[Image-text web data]
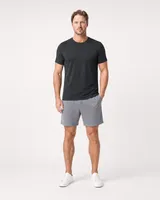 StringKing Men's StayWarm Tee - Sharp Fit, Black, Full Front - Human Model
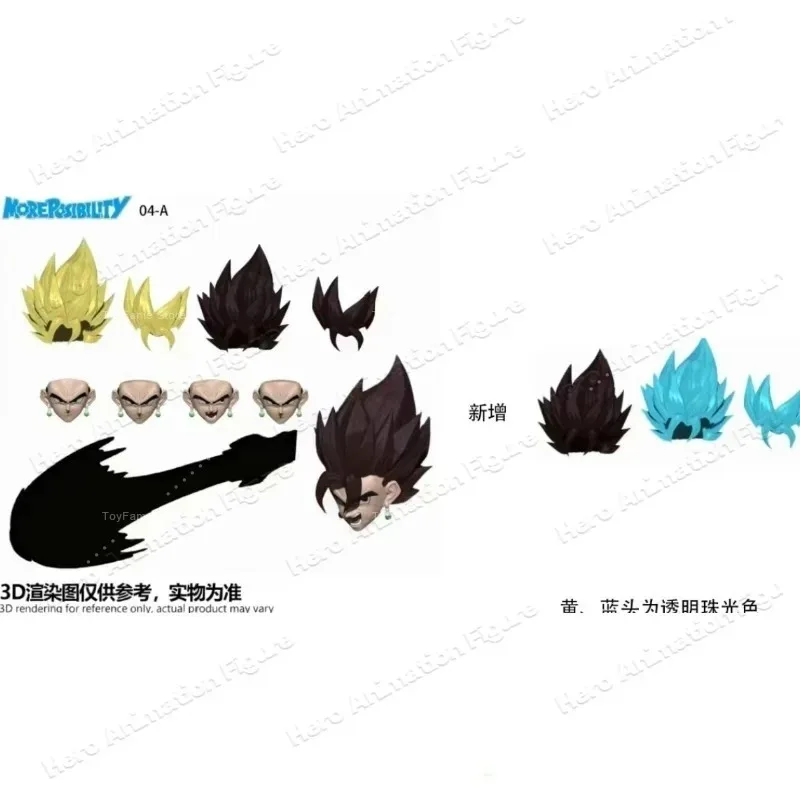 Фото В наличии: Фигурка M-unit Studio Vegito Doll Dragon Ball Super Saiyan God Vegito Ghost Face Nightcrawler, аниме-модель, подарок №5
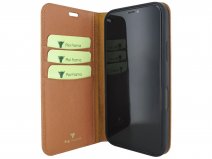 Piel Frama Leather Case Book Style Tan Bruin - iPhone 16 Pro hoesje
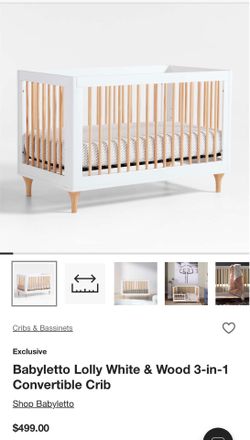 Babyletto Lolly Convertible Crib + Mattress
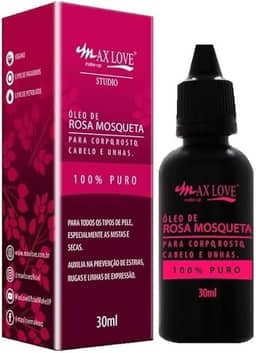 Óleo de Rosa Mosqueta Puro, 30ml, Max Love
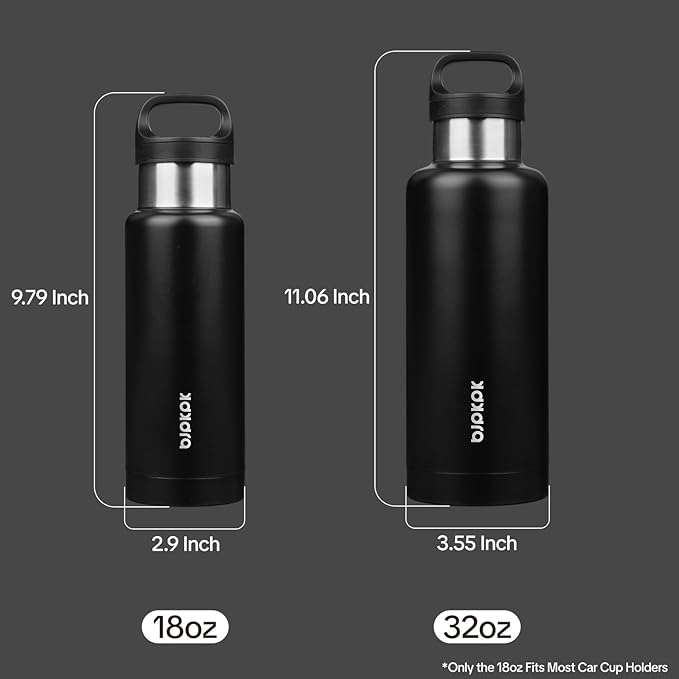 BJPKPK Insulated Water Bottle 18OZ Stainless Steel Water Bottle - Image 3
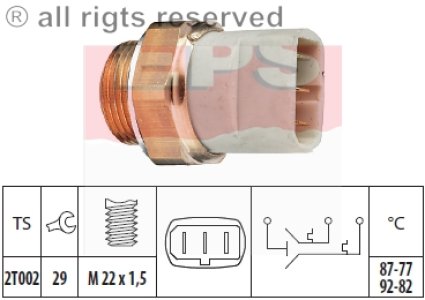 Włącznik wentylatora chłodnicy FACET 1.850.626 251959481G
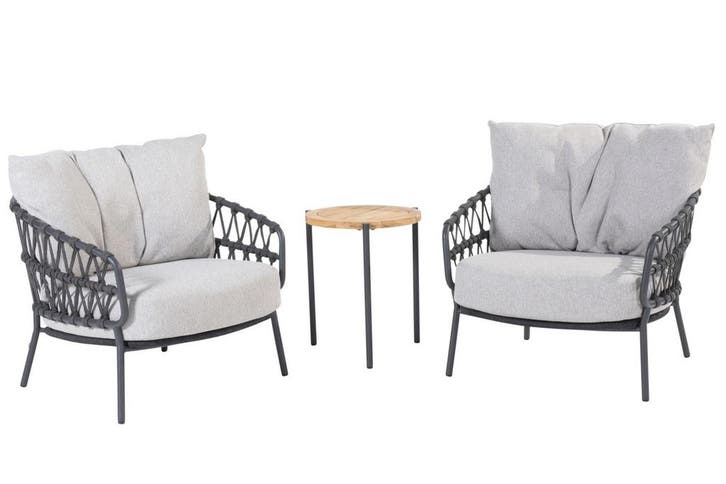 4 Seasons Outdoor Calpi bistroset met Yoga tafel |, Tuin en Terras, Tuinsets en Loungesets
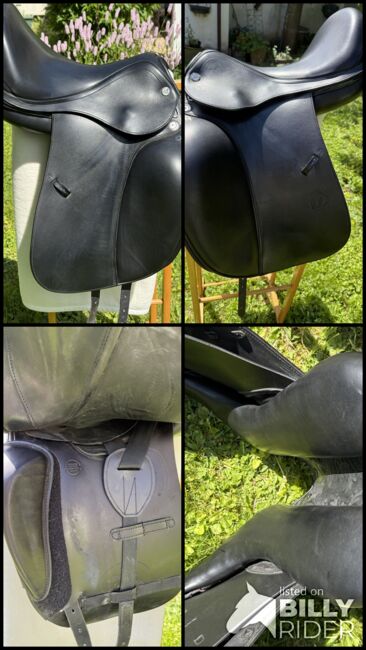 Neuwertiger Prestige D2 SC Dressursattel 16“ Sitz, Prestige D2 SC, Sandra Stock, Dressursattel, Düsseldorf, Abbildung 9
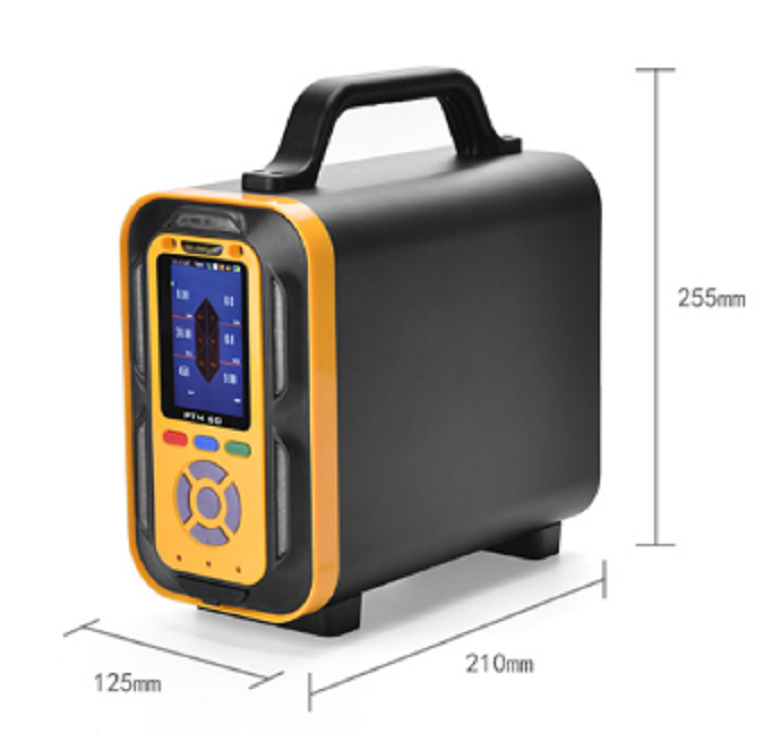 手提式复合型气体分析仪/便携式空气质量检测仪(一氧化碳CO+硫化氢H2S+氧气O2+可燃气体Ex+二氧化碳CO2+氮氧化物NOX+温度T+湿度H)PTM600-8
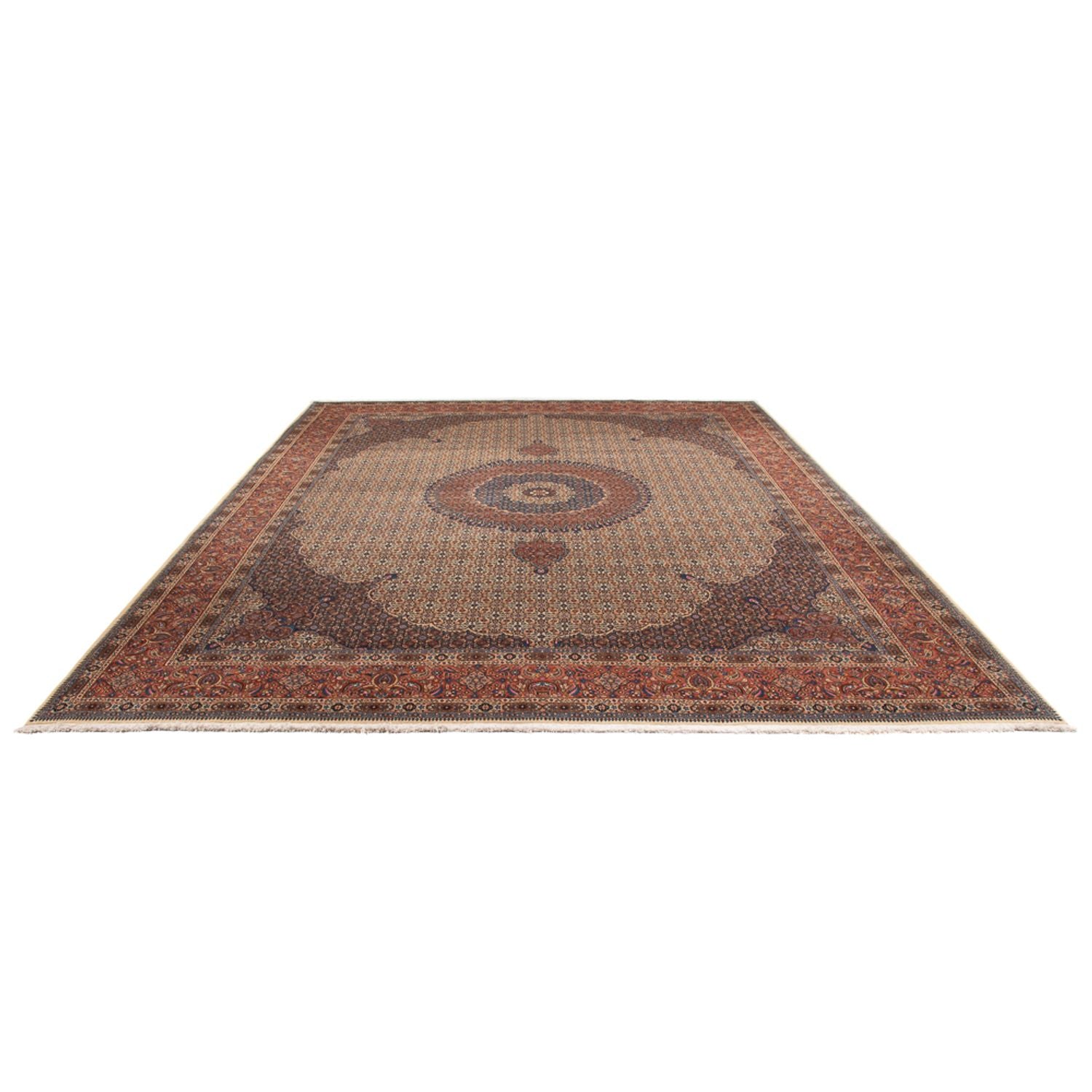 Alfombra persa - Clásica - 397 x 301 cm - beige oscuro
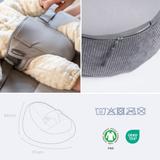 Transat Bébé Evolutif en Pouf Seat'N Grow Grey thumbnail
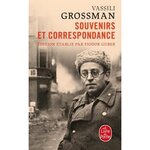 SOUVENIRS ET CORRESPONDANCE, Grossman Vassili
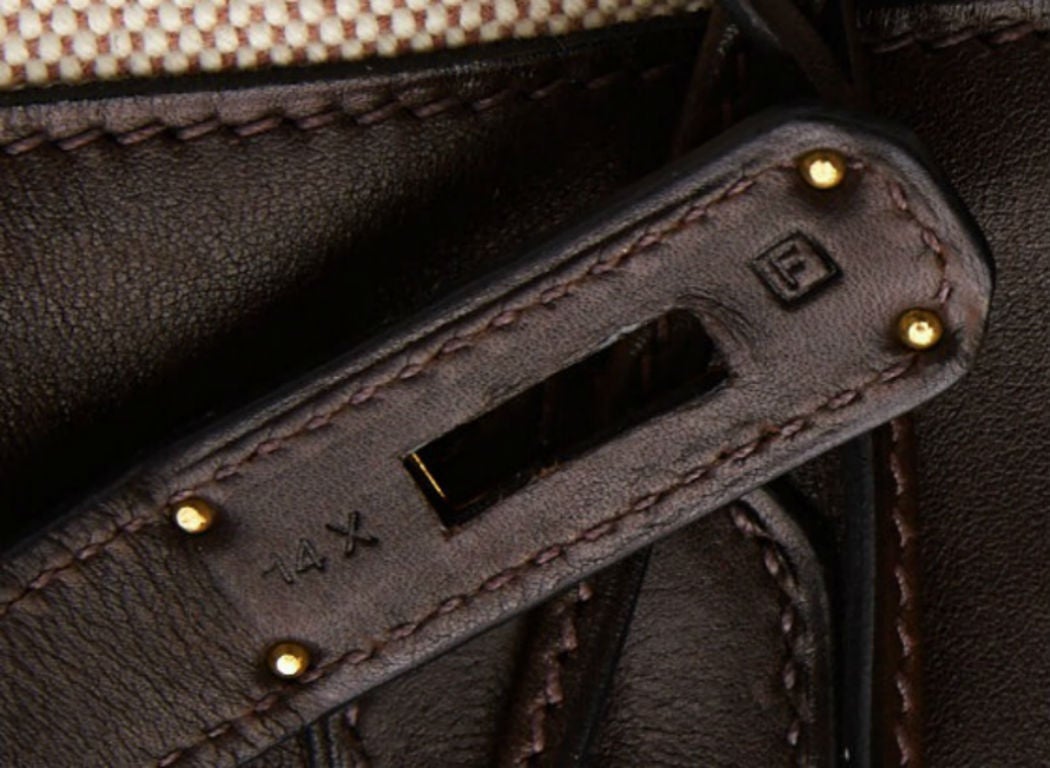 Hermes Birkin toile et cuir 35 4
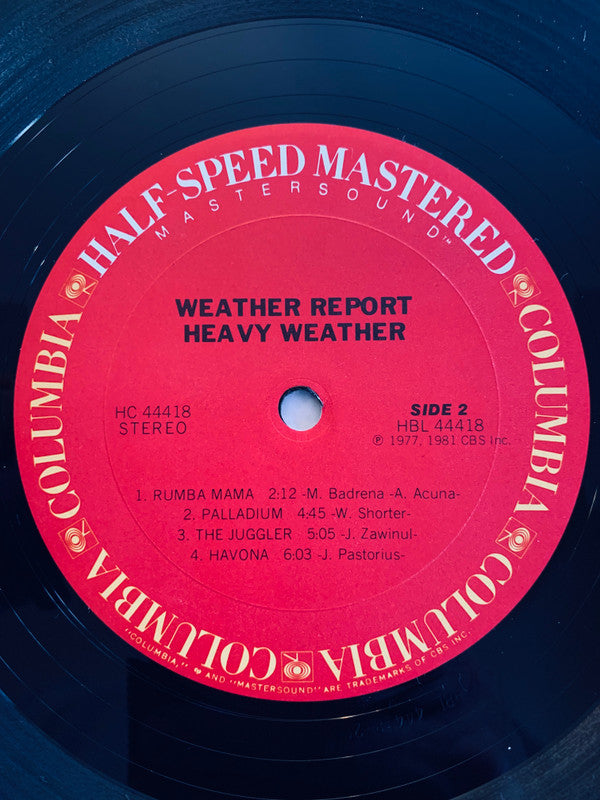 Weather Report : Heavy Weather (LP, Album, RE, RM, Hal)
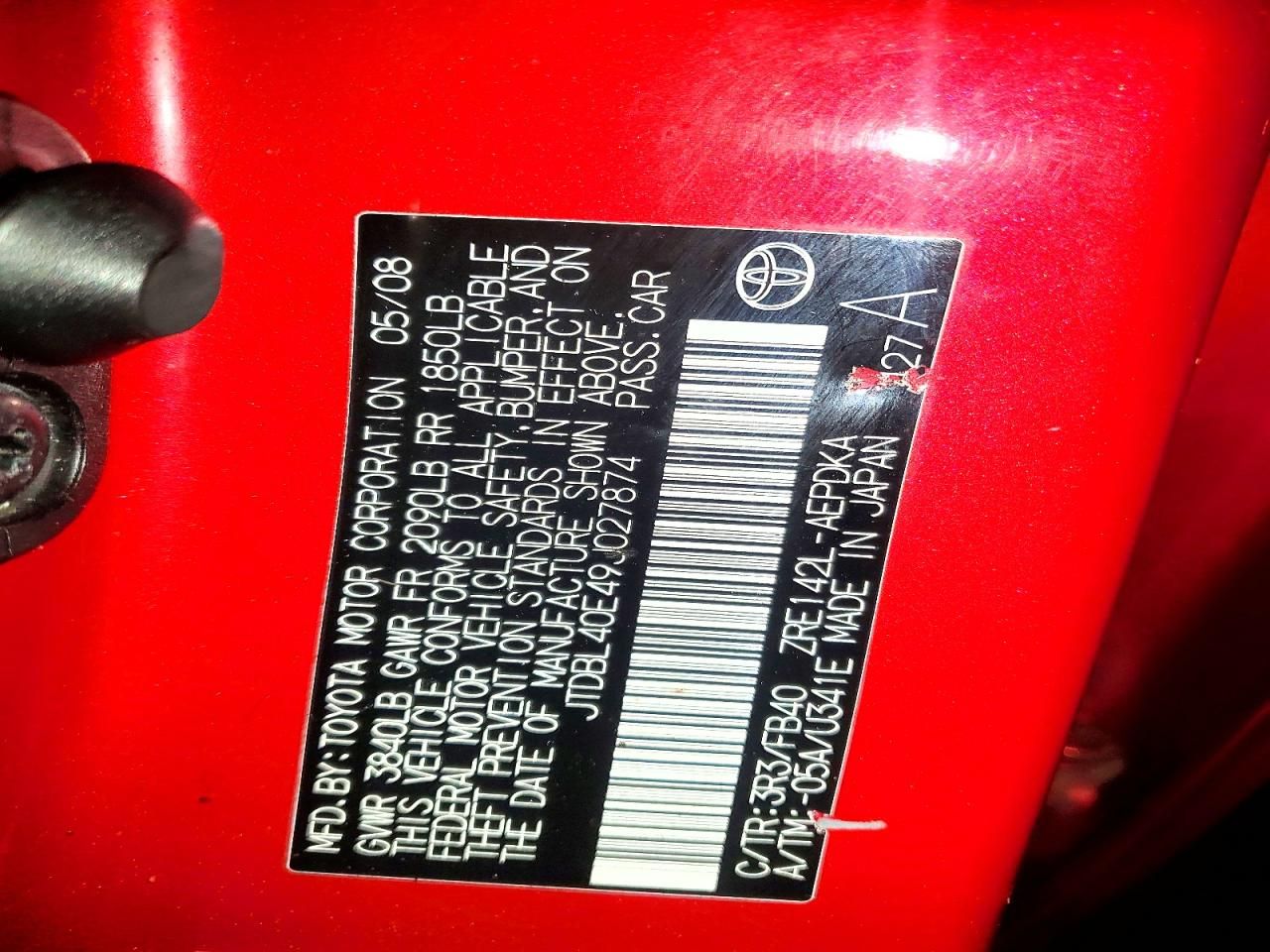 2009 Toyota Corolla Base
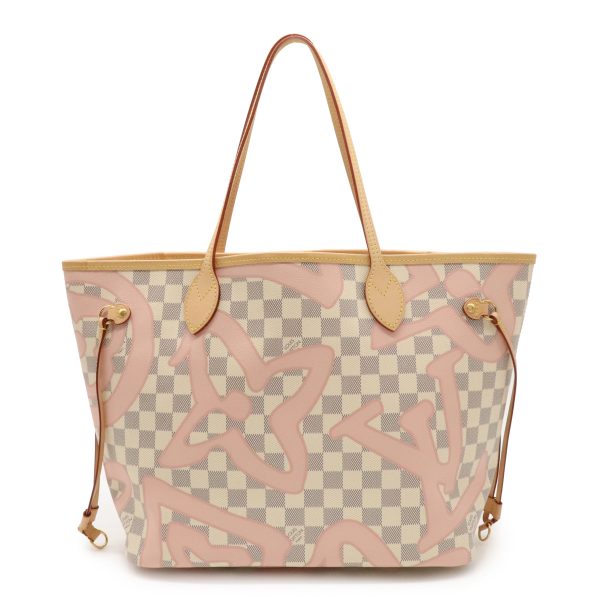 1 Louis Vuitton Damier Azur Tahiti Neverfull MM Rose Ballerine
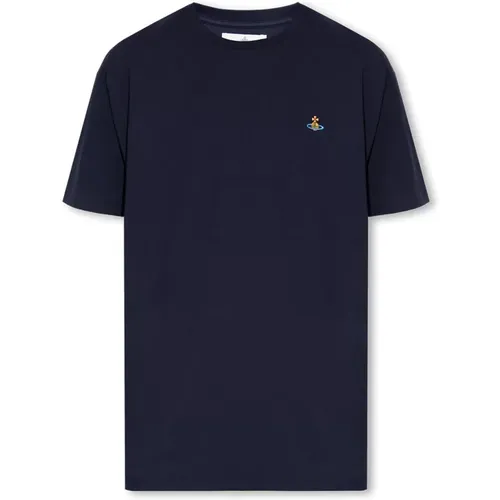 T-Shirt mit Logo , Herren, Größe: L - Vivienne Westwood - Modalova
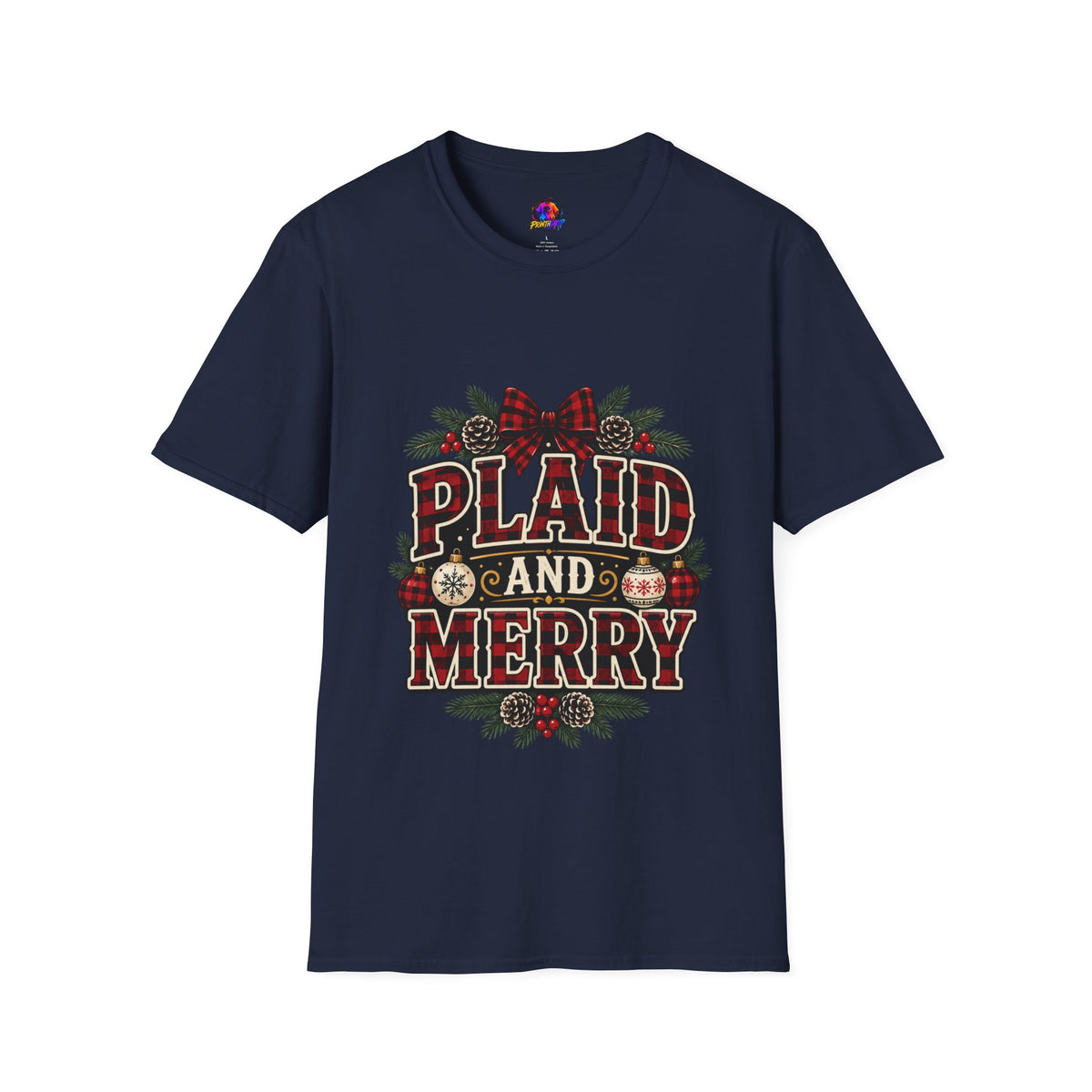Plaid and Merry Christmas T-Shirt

● **Your assignment**
Would you transcribe all of the entries above exactly, minus the images?

● **Output of the task**
 StringKing Men's StayWarm Tee - Sharp Fit, Black, Full Front - Human Model
 Фото В наличии: Фигурка M-unit Studio Vegito Doll Dragon Ball Super Saiyan God Vegito Ghost Face Nightcrawler, аниме-модель, подарок №5
 Piel Frama Leather Case Book Style Tan Bruin - iPhone 16 Pro hoesje
 Babyletto Lolly Convertible Crib + Mattress
 Óleo de Rosa Mosqueta Puro, 30ml, Max Love
 BJPKPK Insulated Water Bottle 18OZ Stainless Steel Water Bottle - Image 3
 Włącznik wentylatora chłodnicy FACET 1.850.626 251959481G
 4 Seasons Outdoor Calpi bistroset met Yoga tafel |, Tuin en Terras, Tuinsets en Loungesets
 Neuwertiger Prestige D2 SC Dressursattel 16“ Sitz, Prestige D2 SC, Sandra Stock, Dressursattel, Düsseldorf, Abbildung 9
 手提式复合型气体分析仪/便携式空气质量检测仪(一氧化碳CO+硫化氢H2S+氧气O2+可燃气体Ex+二氧化碳CO2+氮氧化物NOX+温度T+湿度H)PTM600-8
 Alfombra persa - Clásica - 397 x 301 cm - beige oscuro
 Transat Bébé Evolutif en Pouf Seat'N Grow Grey thumbnail
 SOUVENIRS ET CORRESPONDANCE, Grossman Vassili
 Hermes Birkin toile et cuir 35 4
 Weather Report : Heavy Weather (LP, Album, RE, RM, Hal)
 2009 Toyota Corolla Base
 1 Louis Vuitton Damier Azur Tahiti Neverfull MM Rose Ballerine
 T-Shirt mit Logo , Herren, Größe: L - Vivienne Westwood - Modalova
Plaid and Merry Christmas T-Shirt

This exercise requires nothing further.